Religious
- Born: Annakkutty Payyappilly 10 December 1906 Mallusserry, Kerala, India
- Died: 23 April 1993 (aged 86) Karukutty, Kerala, India
- Venerated in: Syro-Malabar Catholic Church

= Mary Celine Payyappilly =

Nun from Kerala, India

Mary Celine Payyappilly was a Syrian Catholic (Syro-Malabar) nun from the Indian state of Kerala. She was declared as Servant of God by Mar George Cardinal Alencherry, Major Archbishop of the Syro-Malabar Catholic Church on 9 April 2018.

==Family==
Mary Celine Payyappilly was born as Annakkutty Payyappilly on 10 December 1906 at Mallusserry to Payyappilly Ousep and Kochumariam. Payyappilly is an ancient Nasrani family in India believed to be baptized by Thomas the Apostle in Kottakkavu, North Paravur in the first century. The word Payyappilly, translated as "beautiful building" or "beautiful house", is derived from the Syriac ܦܐܝܐ Payya "beautiful, radiant" and the Malayalam word പിള്ളി Pilly, a variant of പള്ളി Pally, "church, building". Her forefather Vareed Payyappilly migrated from Paravur to Mallusserry and settled at Thattaduparambu. Hence her family is also known as Thattad Payyappilly.
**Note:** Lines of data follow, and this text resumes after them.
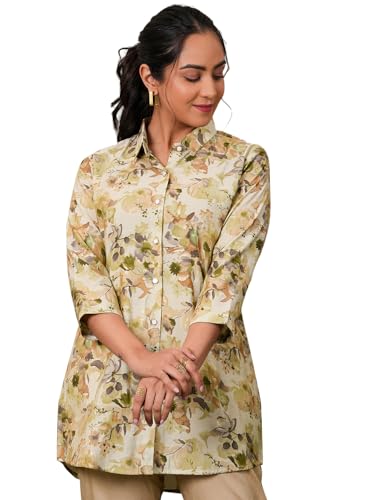 Image of Libas Women Silk Blend Regular Printed A Line Kurtis 37070 Green Suit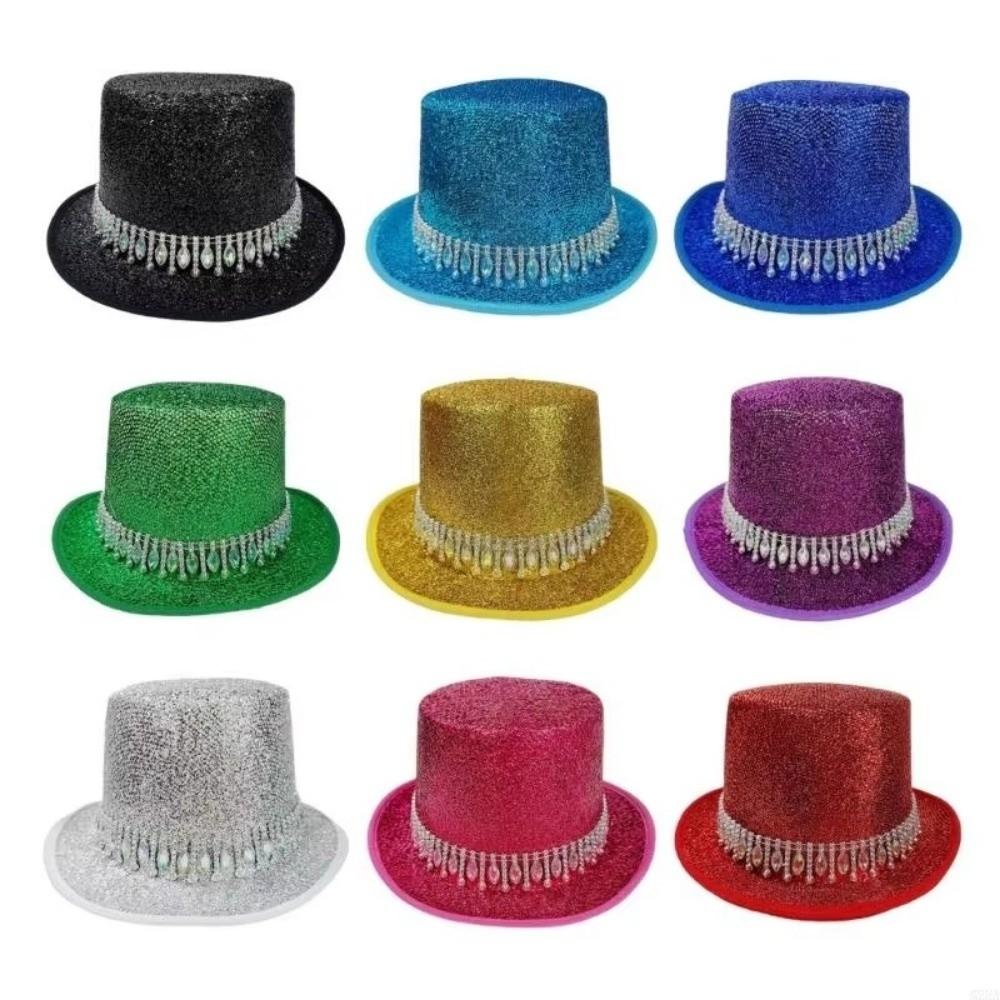 2026 Crystal Jazz Hat Colorful Rhinestone Edge Magician Hat Unisex Roleplaying Tall Hat Party Headwear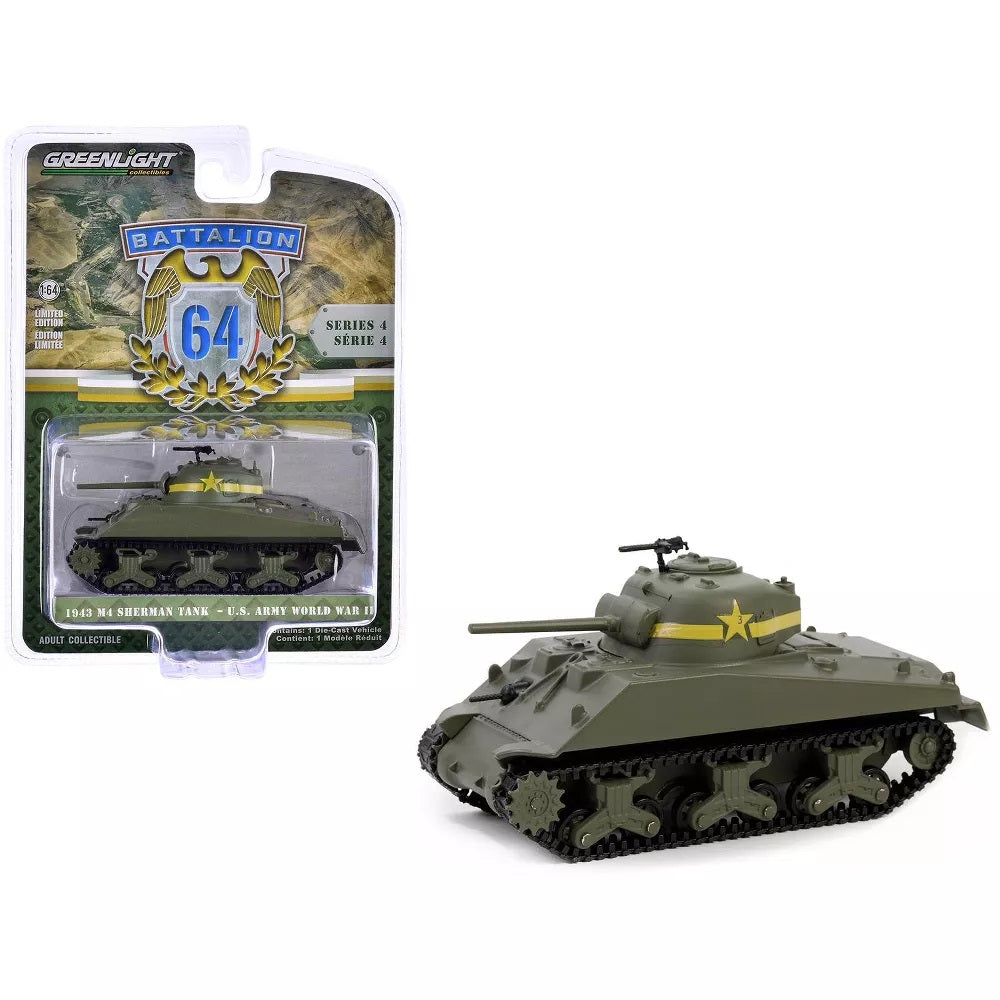 1943 Tanque M4 Sherman Ejército de EE. UU. Segunda Guerra Mundial - Serie Batallón 64 - Greenlight - Escala 1/64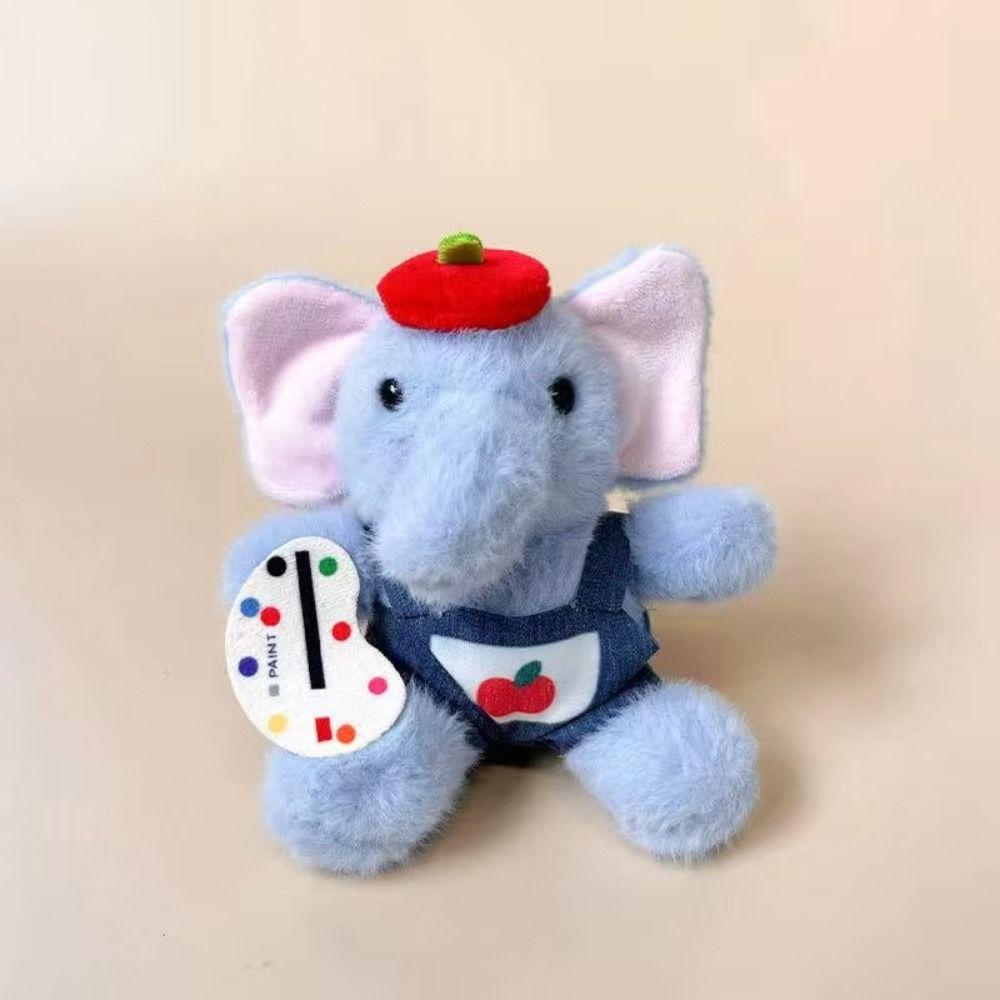 Painter Apron Style Elephant Plush Toy Anti-lost Elephant Plush KeyChain  Bag Pendant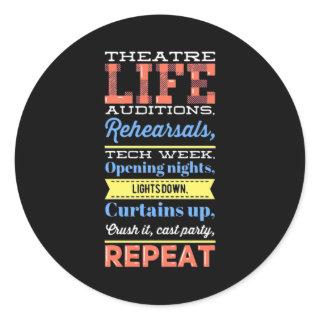 Theater Life Repeat Classic Round Sticker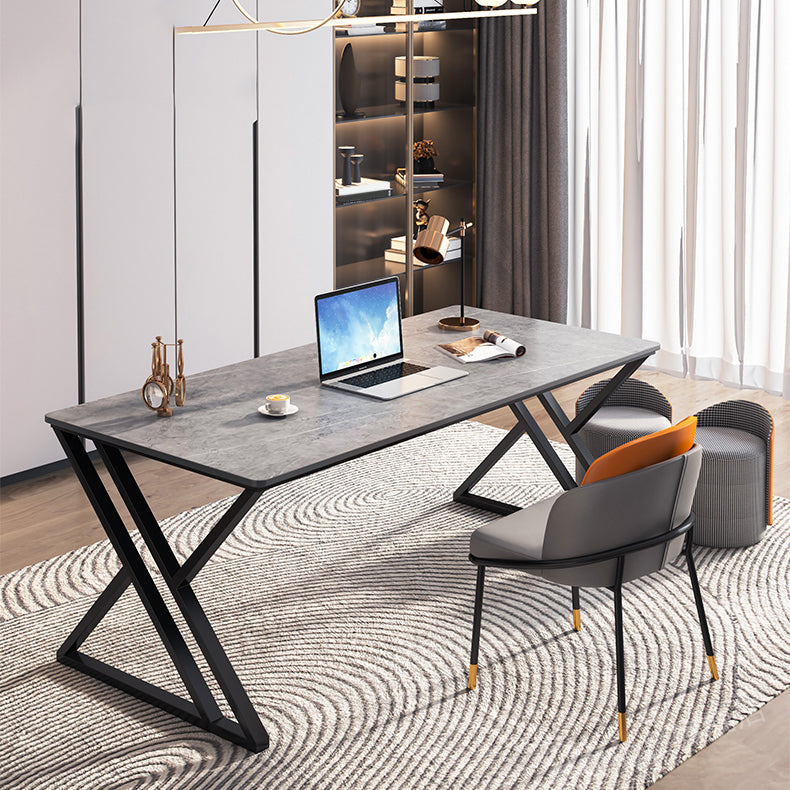 Modern Stone Top Dinette Set 1/2 Pieces Rectangle Dining Table Set in Grey 2 Pieces: Table, 1 Chair Clearhalo 'Dining Room Sets' 'Dining Tables & Seating' 'dining_room_set' 'furn' 'furn_dining_room_set' 'Furniture' 'Kitchen & Dining Furniture' 5371746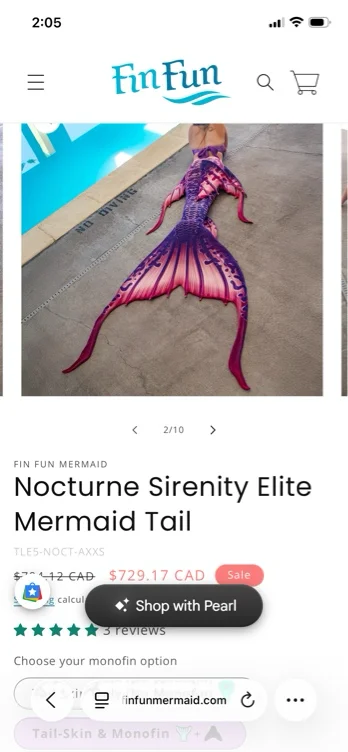 Elite professional mermaid tail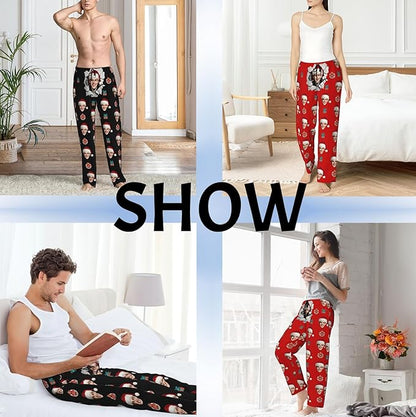 Custom Pajama Pants with Face customized PJ Pants Christmas Valentine gifts for Men Women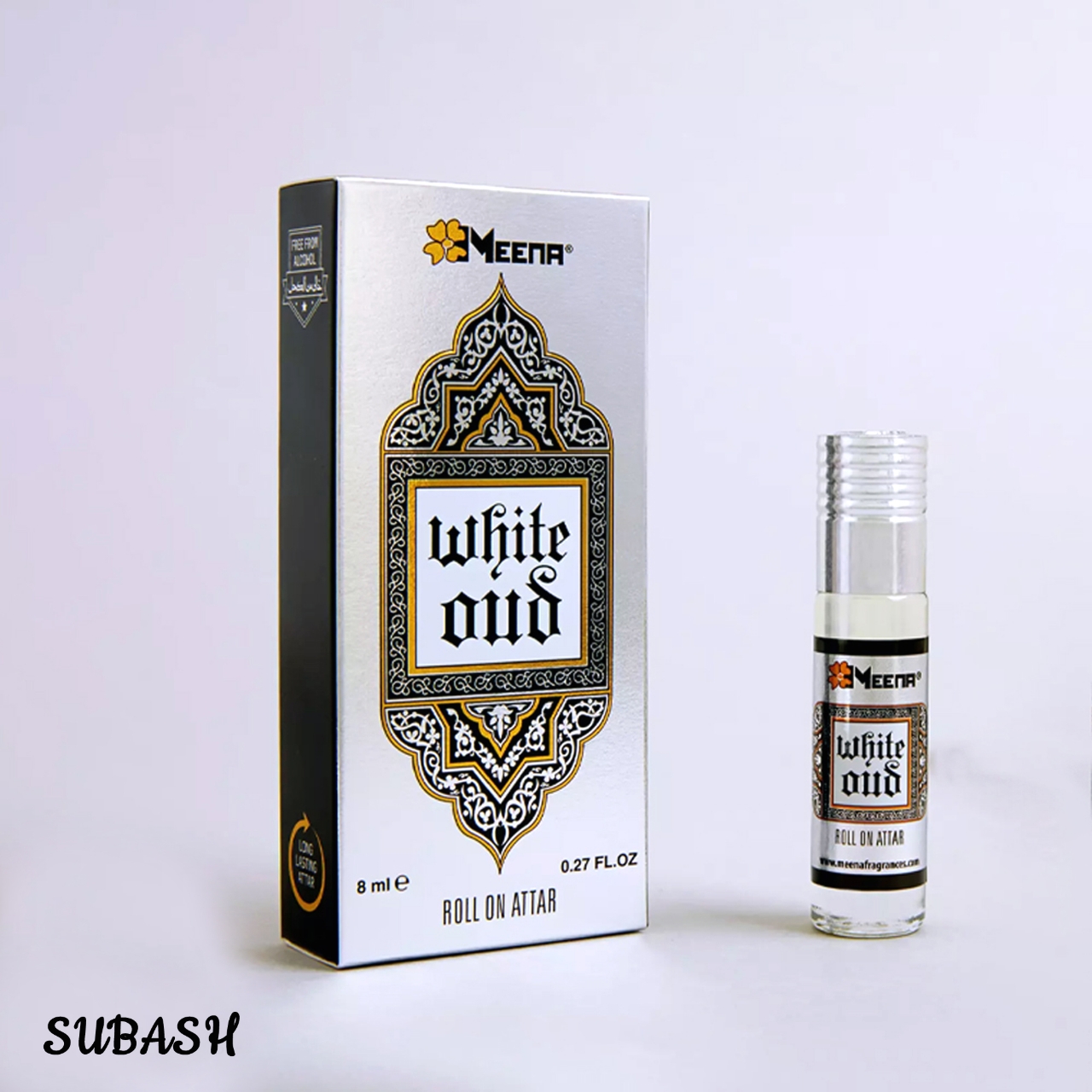 Picture of MEENA FRAGRANCE WHITE OUDH -INTENSE WOODY FLORAL AGARWOOD 8ML ROLL ON ATTAR (INDIA)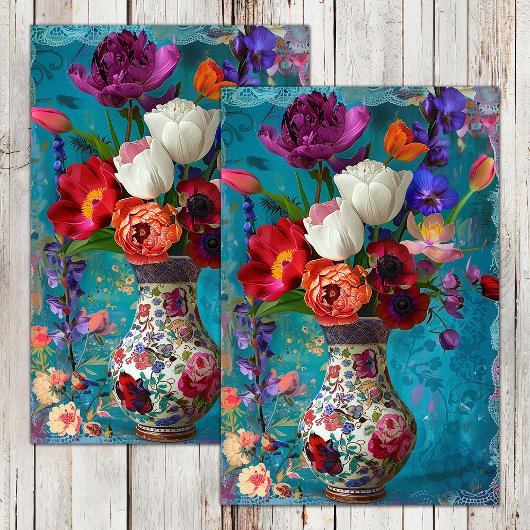 LENTE BLOEMEN IN VAAS DECOUPAGE TISSUEPAPIER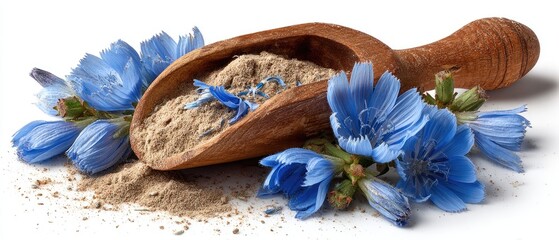 Chicory root powder with flowers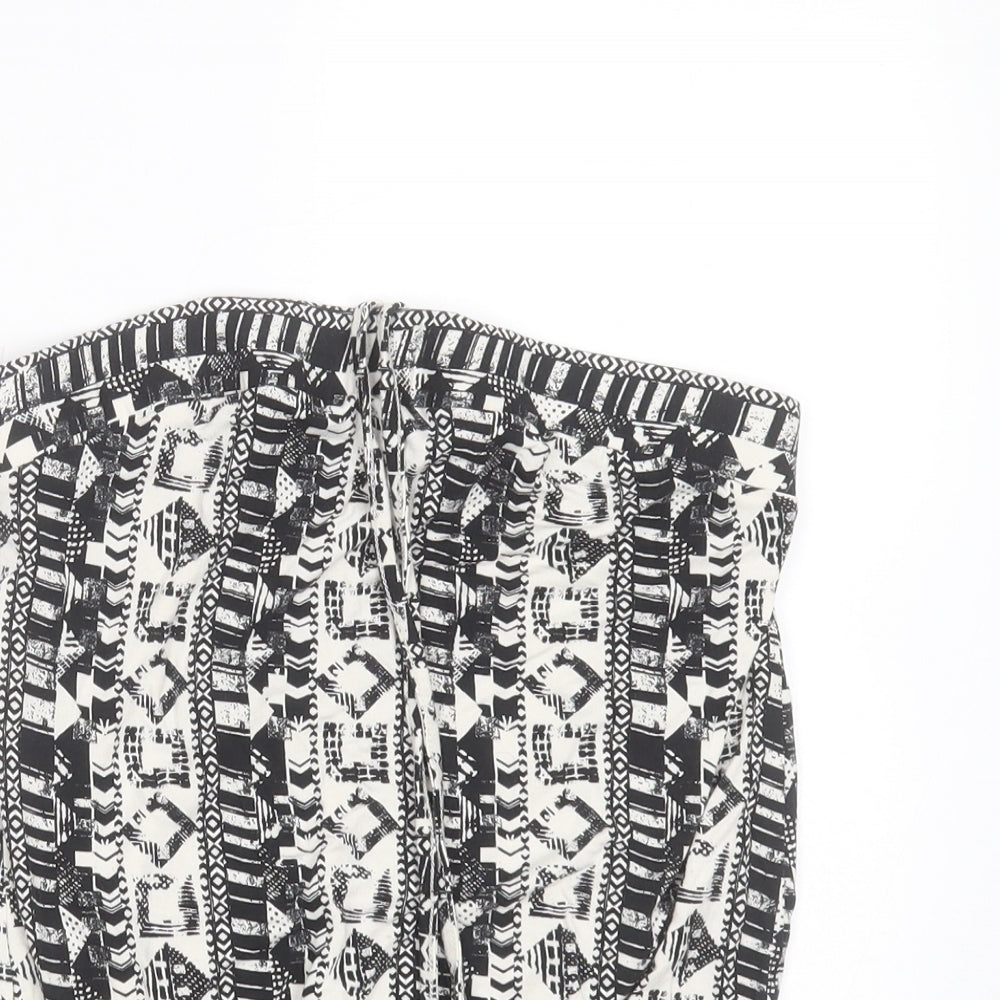 NEXT Womens Black Geometric Viscose Basic T-Shirt Size 10 Off the Shoulder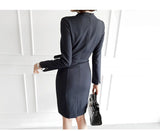 Anokhinaliza  Women Elegant Office Lady Commuting Suit Dress With Belt Autumn Full Sleeve Dress Knee-Length Fashion Vestidos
Mary Celine Payyappilly is the second Servant of God from Payyappilly family; the first being Mar Varghese Payyappilly, whose forefather Payyappilly Cheria Mappila migrated from Paravur to Perumanoor and founded the Palakkappilly branch of Payyappilly family.

==Life==
Annakkutty Payyappilly had her schooling in the Government school at Vattapparambu and became a C.M.C. (Congregation of the Mother of Carmel) sister on 29 May 1928. Mary Celine Payyappilly started her career as a teacher at St. Joseph School, Karukutty. Later, she served as the headmistress of St. Augustine's High School, Muvattupuzha and B.T.S., Karukutty. She was elected as the Superior General of Ernakulam and Kothamangalam provinces of C.M.C. on 17 March 1963 and went on to become the first Superior General of the united C.M.C. congregation on 16 November 1963. In 1968, she was re-elected as Superior General and retired in 1974 after serving as Superior General for 11 years. It was she who built the Central House Generalate of the united C.M.C. at Thaikattukara, Aluva. She died on 23 April 1993 at Karukutty.

==Cause==

The Cause of the Beatification of Mary Celine Payyappilly was initiated on 9 April 2018 by Mar George Alencherry, Major Archbishop of the Syro-Malabar Church in the presence of the bishops Mar Sebastian Adayanthrath and Mar Jose Puthenveettil.